OSHA’s Respirable crystalline silica standard for the construction industry - 29 CFR 1926.1153 - paragraph (g)(4) states that "The employer shall designate a competent person to make frequent and regular inspections of job sites, materials, and equipment to implement the written exposure control plan."

Paragraph (b) of the standard defines a competent person as “an individual who is capable of identifying existing and foreseeable respirable crystalline silica hazards in the workplace and who has the authorization to take prompt corrective measures to eliminate or minimize them.

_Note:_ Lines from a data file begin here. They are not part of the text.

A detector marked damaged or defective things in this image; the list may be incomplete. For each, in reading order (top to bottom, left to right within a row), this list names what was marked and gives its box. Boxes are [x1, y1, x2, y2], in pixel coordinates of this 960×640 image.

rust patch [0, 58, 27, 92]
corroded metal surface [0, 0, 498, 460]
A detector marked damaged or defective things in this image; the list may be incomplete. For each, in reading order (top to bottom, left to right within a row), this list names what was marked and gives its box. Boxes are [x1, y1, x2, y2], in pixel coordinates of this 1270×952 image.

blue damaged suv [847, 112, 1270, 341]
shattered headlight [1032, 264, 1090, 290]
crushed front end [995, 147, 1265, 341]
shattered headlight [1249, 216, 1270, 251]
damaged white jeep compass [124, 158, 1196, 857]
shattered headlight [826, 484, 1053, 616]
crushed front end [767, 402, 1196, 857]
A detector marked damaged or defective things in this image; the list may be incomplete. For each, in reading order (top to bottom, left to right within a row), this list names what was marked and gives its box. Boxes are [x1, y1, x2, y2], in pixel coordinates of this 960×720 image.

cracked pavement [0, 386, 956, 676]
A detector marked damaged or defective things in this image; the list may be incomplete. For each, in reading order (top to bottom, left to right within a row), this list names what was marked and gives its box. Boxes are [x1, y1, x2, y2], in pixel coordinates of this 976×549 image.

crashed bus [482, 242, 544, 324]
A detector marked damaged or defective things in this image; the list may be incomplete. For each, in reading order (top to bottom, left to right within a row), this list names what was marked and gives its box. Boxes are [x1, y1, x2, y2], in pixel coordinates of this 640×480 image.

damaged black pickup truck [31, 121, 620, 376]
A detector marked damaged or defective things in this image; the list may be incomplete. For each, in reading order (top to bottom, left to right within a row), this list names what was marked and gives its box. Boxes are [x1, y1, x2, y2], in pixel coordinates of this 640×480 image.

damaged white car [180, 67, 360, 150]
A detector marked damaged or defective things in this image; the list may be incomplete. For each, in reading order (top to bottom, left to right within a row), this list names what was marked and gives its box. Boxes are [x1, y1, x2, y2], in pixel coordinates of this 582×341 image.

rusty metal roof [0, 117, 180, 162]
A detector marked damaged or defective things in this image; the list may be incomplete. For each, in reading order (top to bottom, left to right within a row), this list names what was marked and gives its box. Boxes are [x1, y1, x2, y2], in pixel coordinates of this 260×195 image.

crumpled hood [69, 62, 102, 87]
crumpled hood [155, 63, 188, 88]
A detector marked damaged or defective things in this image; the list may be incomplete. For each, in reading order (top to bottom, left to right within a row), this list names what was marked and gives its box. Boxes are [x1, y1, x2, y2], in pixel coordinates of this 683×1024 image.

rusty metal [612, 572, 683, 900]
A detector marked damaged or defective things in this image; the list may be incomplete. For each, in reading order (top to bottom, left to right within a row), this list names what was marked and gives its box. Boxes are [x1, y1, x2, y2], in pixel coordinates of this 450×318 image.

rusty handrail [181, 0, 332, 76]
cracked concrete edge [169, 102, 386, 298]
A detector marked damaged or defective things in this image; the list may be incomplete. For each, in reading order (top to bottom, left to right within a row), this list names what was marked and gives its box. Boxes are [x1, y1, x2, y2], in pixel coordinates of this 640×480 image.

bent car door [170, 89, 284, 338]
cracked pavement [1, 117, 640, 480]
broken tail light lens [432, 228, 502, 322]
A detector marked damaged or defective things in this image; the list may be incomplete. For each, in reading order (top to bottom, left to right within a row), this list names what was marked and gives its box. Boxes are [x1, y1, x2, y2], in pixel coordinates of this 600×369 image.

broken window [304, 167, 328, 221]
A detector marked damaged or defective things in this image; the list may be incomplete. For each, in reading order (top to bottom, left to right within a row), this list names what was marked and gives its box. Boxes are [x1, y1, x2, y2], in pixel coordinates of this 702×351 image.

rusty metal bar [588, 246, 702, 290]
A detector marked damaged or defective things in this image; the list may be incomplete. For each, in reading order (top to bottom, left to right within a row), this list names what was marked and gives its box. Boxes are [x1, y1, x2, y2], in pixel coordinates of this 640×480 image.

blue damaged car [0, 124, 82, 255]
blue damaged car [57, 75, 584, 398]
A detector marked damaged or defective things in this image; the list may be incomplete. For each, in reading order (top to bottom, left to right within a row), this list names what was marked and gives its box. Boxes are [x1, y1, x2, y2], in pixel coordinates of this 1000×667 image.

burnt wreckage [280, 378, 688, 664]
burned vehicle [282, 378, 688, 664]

The competent person must have the knowledge and ability necessary to fulfill the responsibilities set forth in paragraph (g) of this section."

This person can help his or her employer protect their workforce, comply with OSHA and other requirements, and avoid dust-related problems with owners, the public, and bystanders.

A White Paper developed by the American Industrial Hygiene Association provides detailed recommendations for the skills and capabilities a competent person should have (click on this link for a copy of the paper)-"Recommended Skills and Capabilities for Silica Competent Persons."

The types of knowledge and responsibilities to consider when assigning a competent person include:


  • What silica is, when it is hazardous, and the health risks.
  • Construction materials that contain silica or, when unsure, who within the company should be contacted.
  • Federal, state and local regulations and other requirements that apply to silica.
  • The dust-generating tasks that will be performed on the job, which ones will expose workers to silica dust, and the controls that will be used or, when unsure, who within the company should be contacted.
  • The proper use of equipment and controls by workers.
  • How to determine if a control is in good working order and operating effectively.
  • How respirators work and the types to use for construction tasks involving exposure to silica dust.
  • Who to notify, on a multi-employer worksite, when another employer’s work force may be affected by silica generating tasks.
  • The company’s silica control plan, as well as the company’s overall safety and health plan and the process for resolving safety and health issues.


  • Identifying materials containing silica and silica-producing tasks that will be performed on the job.
  • Providing training to all employees at risk of exposure to airborne silica either because of the work they are performing or work being performed in the area in which they are working.
  • Ensuring that controls and equipment are in proper working order and workers are using them properly, and notifying the contractor of issues that cannot be easily resolved.
  • Monitoring the worksite to make sure safe working conditions related to silica are maintained.
  • Communicating problems and corrective actions needed to their employer related to use of engineering controls and PPE.
  • Communicating potential issues related to employees or bystanders to the employer.